## The data

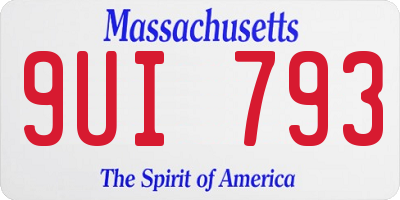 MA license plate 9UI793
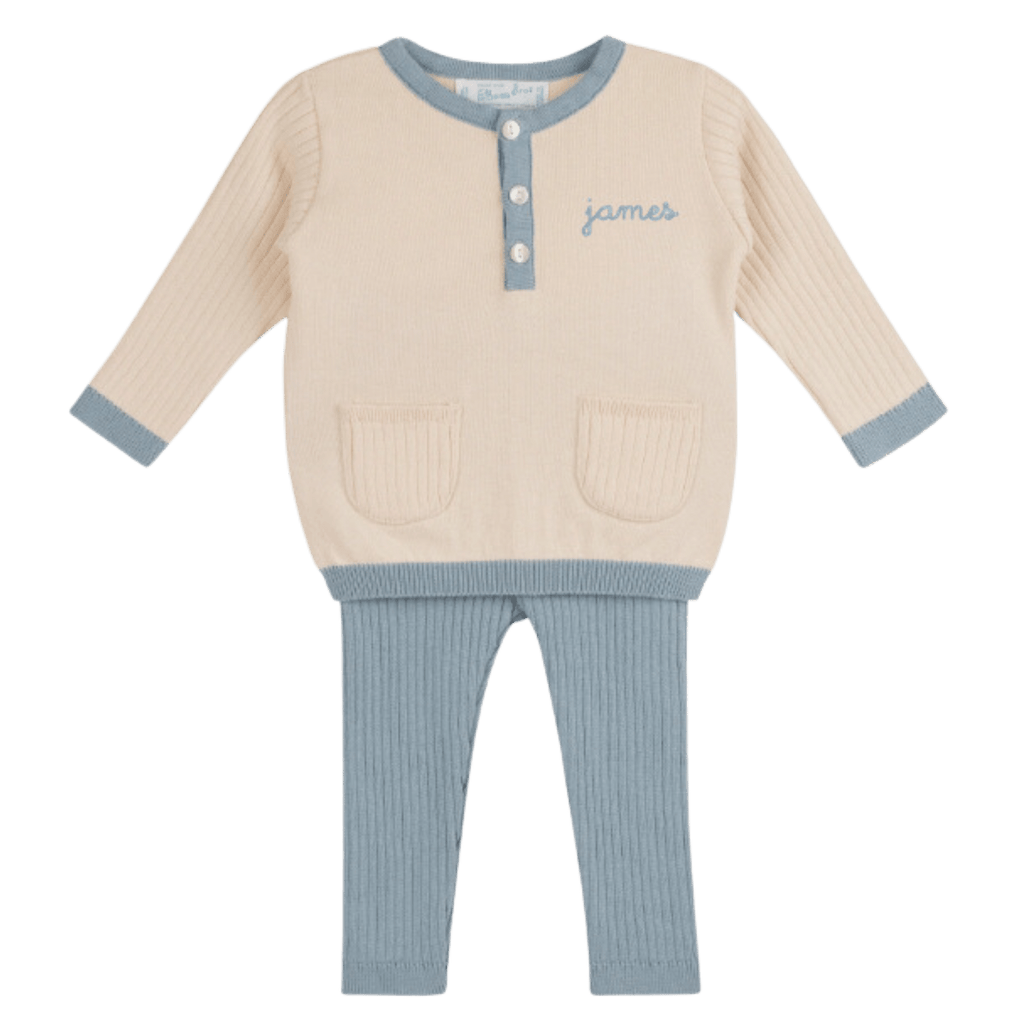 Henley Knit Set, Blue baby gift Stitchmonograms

* * *

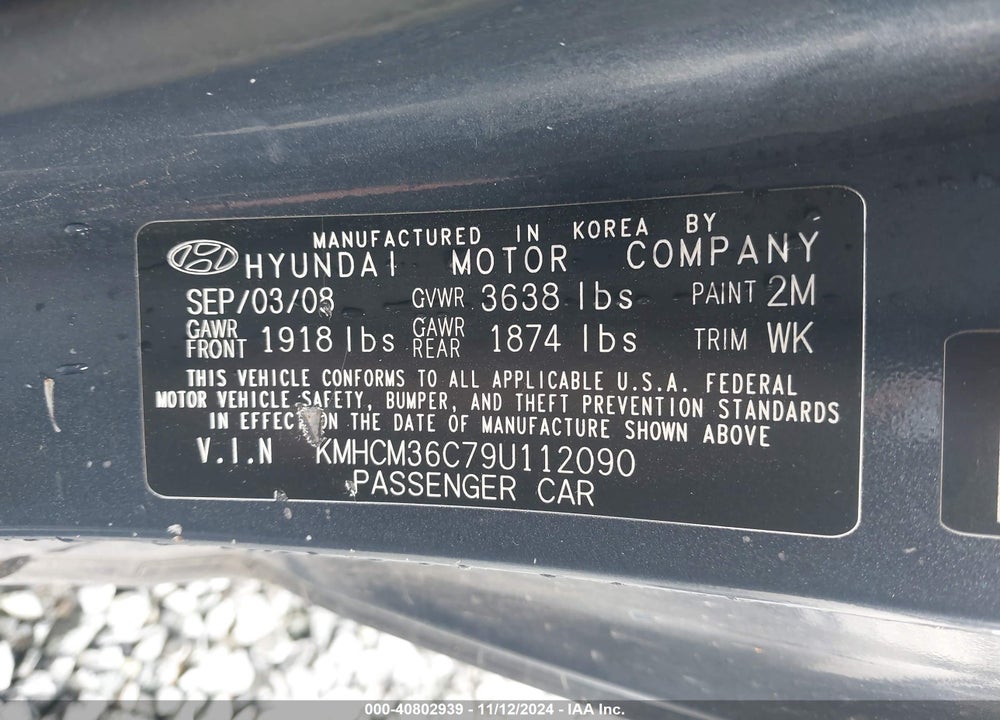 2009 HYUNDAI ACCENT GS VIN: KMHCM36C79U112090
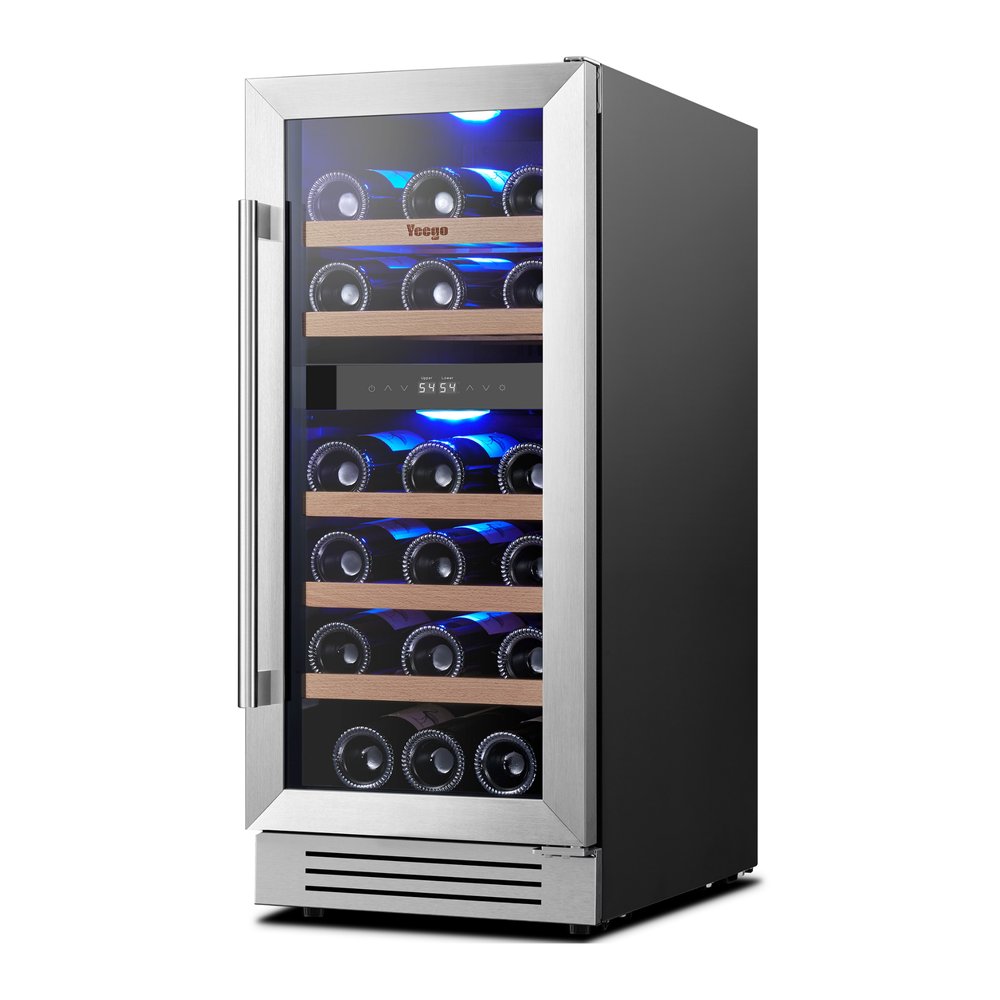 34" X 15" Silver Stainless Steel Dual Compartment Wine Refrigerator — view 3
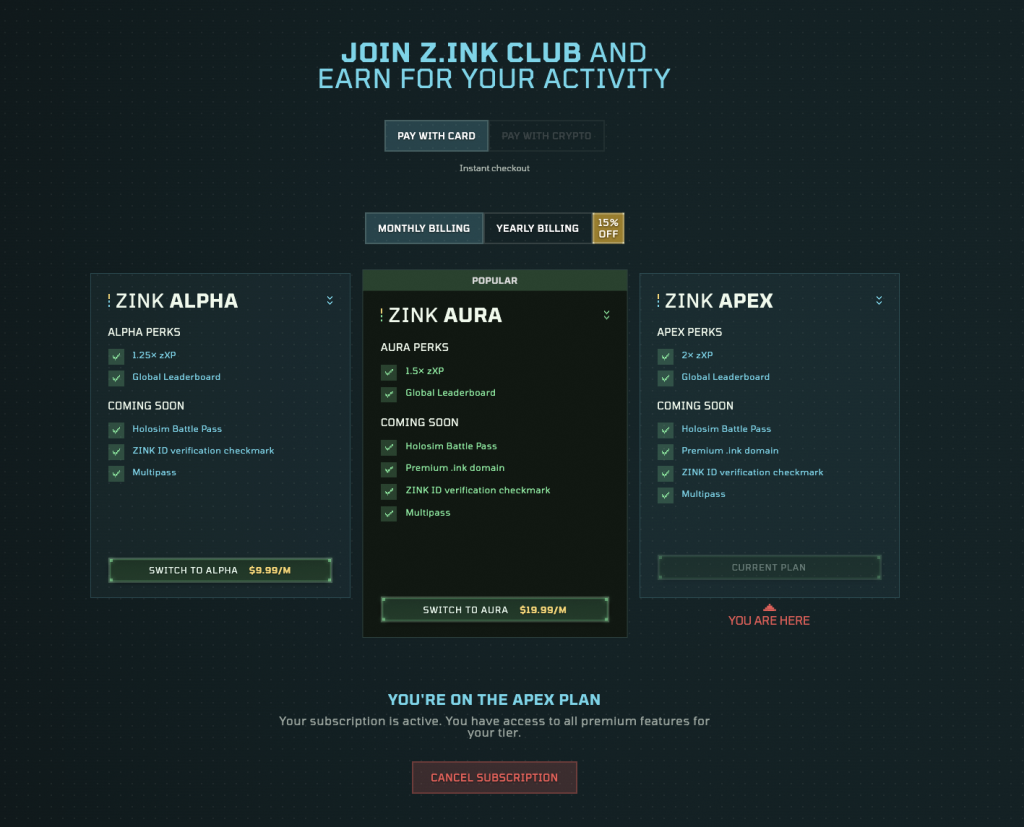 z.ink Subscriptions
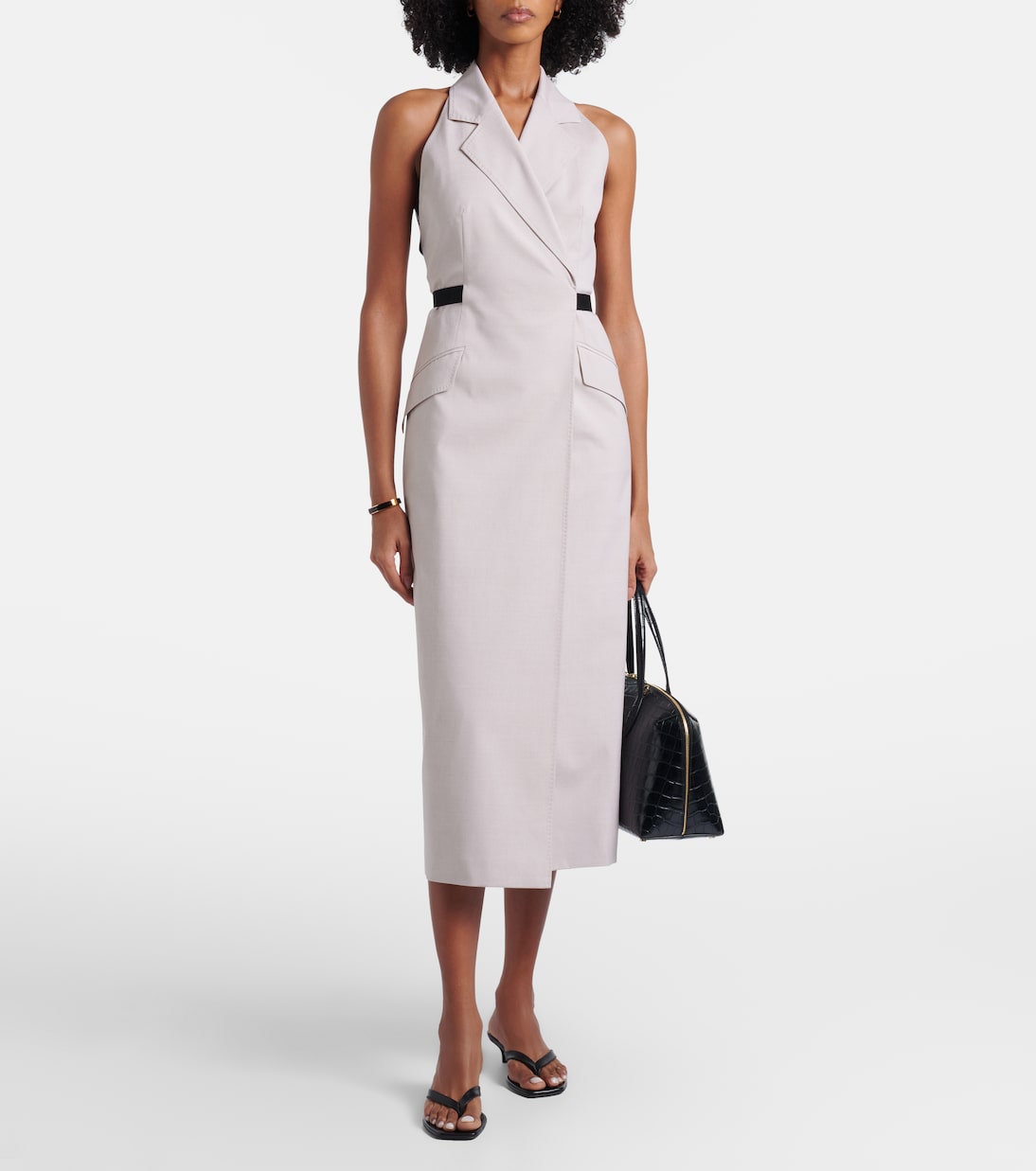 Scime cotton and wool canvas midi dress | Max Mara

## Assignment
Begin at the line in the entries above that has "2009 HYUNDAI ACCENT", stop after the line that has "Scime cotton and", and output exactly those lines without pictures.

## Task output
 2009 HYUNDAI ACCENT GS VIN: KMHCM36C79U112090
 34" X 15" Silver Stainless Steel Dual Compartment Wine Refrigerator — view 3
 z.ink Subscriptions
 Scime cotton and wool canvas midi dress | Max Mara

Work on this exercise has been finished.